Task to complete:
For this exercise, reproduce only the lines from the one holding "Корпус Gamemax ET-211-500 Корпус" through the final line of the data below, exactly, and omit pictures.

Input data:
++++++
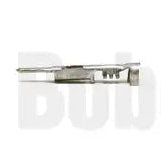 Bobcat Pin 6640690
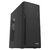 Корпус Gamemax ET-211-500 Корпус Gamemax ET-211-500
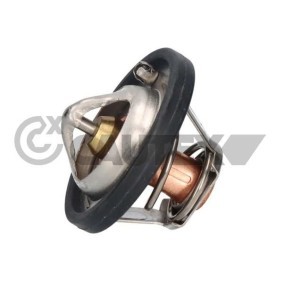 Achetez des Thermostat d'eau CAUTEX 756865 à prix pour 62,38 €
++++++
Your response:
 Корпус Gamemax ET-211-500 Корпус Gamemax ET-211-500
 Achetez des Thermostat d'eau CAUTEX 756865 à prix pour 62,38 €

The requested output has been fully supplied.